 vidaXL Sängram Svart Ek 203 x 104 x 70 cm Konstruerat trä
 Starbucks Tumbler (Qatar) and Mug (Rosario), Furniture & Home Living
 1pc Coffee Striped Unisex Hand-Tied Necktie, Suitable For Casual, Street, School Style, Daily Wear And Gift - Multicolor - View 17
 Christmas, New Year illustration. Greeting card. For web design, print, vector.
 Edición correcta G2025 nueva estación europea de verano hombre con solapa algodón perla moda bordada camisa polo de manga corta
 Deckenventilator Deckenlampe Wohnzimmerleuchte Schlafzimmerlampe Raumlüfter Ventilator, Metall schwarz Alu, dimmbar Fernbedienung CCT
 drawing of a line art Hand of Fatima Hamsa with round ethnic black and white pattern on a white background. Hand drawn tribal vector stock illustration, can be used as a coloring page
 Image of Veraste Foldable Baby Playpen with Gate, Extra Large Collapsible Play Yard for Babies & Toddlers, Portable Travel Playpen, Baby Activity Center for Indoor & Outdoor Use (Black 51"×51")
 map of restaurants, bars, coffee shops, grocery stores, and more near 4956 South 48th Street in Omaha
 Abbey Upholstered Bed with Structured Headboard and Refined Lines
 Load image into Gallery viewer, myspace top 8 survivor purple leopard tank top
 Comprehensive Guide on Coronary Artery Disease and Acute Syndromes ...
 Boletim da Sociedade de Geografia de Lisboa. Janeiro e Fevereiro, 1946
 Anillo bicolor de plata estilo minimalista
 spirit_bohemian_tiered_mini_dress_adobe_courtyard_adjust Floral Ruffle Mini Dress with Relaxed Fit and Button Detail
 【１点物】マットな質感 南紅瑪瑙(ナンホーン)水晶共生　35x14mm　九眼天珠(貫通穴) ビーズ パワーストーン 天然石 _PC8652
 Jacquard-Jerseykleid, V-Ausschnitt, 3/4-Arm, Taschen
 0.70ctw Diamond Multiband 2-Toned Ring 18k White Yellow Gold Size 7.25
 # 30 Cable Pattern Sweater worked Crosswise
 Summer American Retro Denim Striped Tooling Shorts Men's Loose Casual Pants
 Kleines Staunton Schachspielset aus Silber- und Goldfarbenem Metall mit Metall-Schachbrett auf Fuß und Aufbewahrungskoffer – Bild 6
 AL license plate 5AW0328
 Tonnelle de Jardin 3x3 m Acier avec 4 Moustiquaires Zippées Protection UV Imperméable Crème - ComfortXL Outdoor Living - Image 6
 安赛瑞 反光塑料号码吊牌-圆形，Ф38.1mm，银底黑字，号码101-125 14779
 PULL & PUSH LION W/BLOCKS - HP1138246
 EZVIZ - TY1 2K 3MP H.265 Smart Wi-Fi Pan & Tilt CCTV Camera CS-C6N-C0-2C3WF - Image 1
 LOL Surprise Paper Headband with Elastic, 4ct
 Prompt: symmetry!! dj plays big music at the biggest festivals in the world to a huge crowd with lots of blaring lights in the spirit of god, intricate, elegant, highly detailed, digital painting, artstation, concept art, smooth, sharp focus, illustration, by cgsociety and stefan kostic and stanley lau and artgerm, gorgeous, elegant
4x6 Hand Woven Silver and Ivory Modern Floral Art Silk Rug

------------------------------------------------------------------------

Exercise details: Which lines above run from the one containing "1pc Coffee Striped" to the one containing "# 30 Cable Pattern Sweater worked Crosswise"? Give them again exactly, both ends included.

Answer to the exercise:
 1pc Coffee Striped Unisex Hand-Tied Necktie, Suitable For Casual, Street, School Style, Daily Wear And Gift - Multicolor - View 17
 Christmas, New Year illustration. Greeting card. For web design, print, vector.
 Edición correcta G2025 nueva estación europea de verano hombre con solapa algodón perla moda bordada camisa polo de manga corta
 Deckenventilator Deckenlampe Wohnzimmerleuchte Schlafzimmerlampe Raumlüfter Ventilator, Metall schwarz Alu, dimmbar Fernbedienung CCT
 drawing of a line art Hand of Fatima Hamsa with round ethnic black and white pattern on a white background. Hand drawn tribal vector stock illustration, can be used as a coloring page
 Image of Veraste Foldable Baby Playpen with Gate, Extra Large Collapsible Play Yard for Babies & Toddlers, Portable Travel Playpen, Baby Activity Center for Indoor & Outdoor Use (Black 51"×51")
 map of restaurants, bars, coffee shops, grocery stores, and more near 4956 South 48th Street in Omaha
 Abbey Upholstered Bed with Structured Headboard and Refined Lines
 Load image into Gallery viewer, myspace top 8 survivor purple leopard tank top
 Comprehensive Guide on Coronary Artery Disease and Acute Syndromes ...
 Boletim da Sociedade de Geografia de Lisboa. Janeiro e Fevereiro, 1946
 Anillo bicolor de plata estilo minimalista
 spirit_bohemian_tiered_mini_dress_adobe_courtyard_adjust Floral Ruffle Mini Dress with Relaxed Fit and Button Detail
 【１点物】マットな質感 南紅瑪瑙(ナンホーン)水晶共生　35x14mm　九眼天珠(貫通穴) ビーズ パワーストーン 天然石 _PC8652
 Jacquard-Jerseykleid, V-Ausschnitt, 3/4-Arm, Taschen
 0.70ctw Diamond Multiband 2-Toned Ring 18k White Yellow Gold Size 7.25
 # 30 Cable Pattern Sweater worked Crosswise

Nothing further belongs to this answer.